=== Section Start ===

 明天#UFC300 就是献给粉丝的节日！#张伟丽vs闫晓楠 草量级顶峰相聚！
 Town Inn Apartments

=== Section End ===
=== Section Start ===

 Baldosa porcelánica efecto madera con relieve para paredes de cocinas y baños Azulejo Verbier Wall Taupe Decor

=== Section End ===
=== Section Start ===

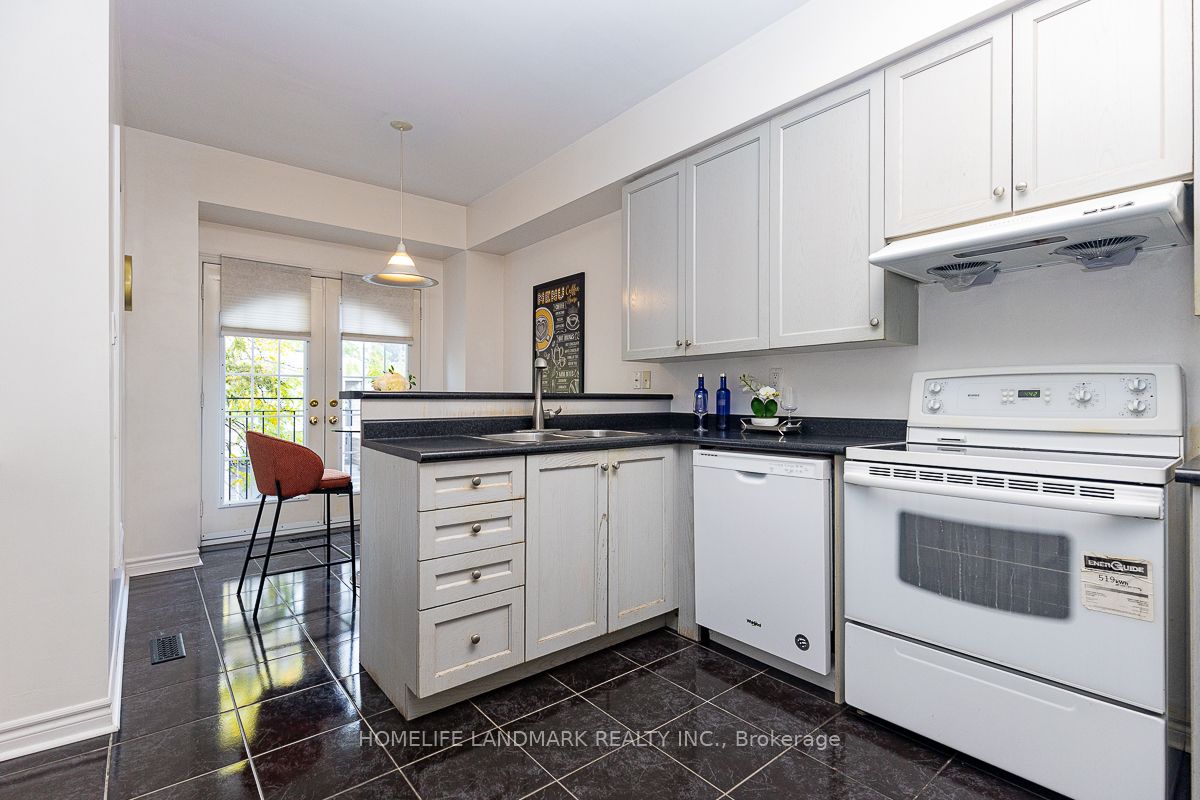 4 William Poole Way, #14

=== Section End ===

TASK INSTRUCTIONS: All that is wanted is a faithful reproduction of the line above with "明天#UFC300 就是献给粉丝的节日！#张伟丽vs闫晓楠 草量级顶峰相聚！", the line with "Town Inn Apartments", and every line in between.

OUTPUT:
 明天#UFC300 就是献给粉丝的节日！#张伟丽vs闫晓楠 草量级顶峰相聚！
 Town Inn Apartments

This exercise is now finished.